▸ Problem to solve: Two lines in the data below mark the range: the one with "En el desierto" and the one with "OCEANBROAD Adjustable Fishing". Return both, along with every line between them, exactly.

▸ Data for review:
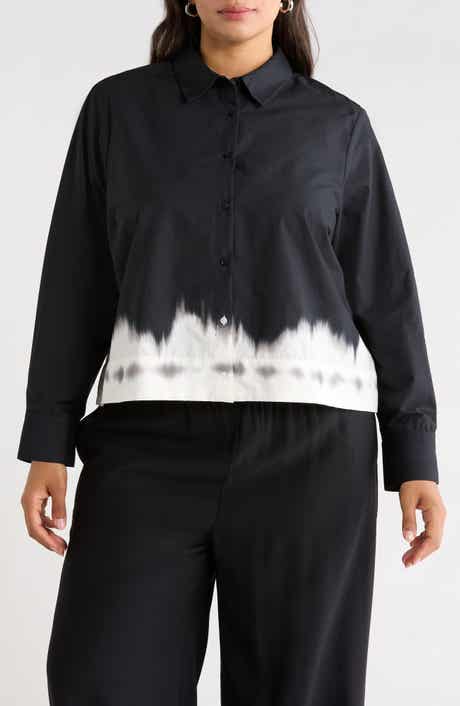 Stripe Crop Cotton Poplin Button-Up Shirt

--

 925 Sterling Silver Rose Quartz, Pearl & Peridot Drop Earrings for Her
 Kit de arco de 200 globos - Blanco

--

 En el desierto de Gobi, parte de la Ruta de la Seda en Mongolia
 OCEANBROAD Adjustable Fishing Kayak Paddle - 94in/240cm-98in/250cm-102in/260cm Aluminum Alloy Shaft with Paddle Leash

▸ Task response:
 En el desierto de Gobi, parte de la Ruta de la Seda en Mongolia
 OCEANBROAD Adjustable Fishing Kayak Paddle - 94in/240cm-98in/250cm-102in/260cm Aluminum Alloy Shaft with Paddle Leash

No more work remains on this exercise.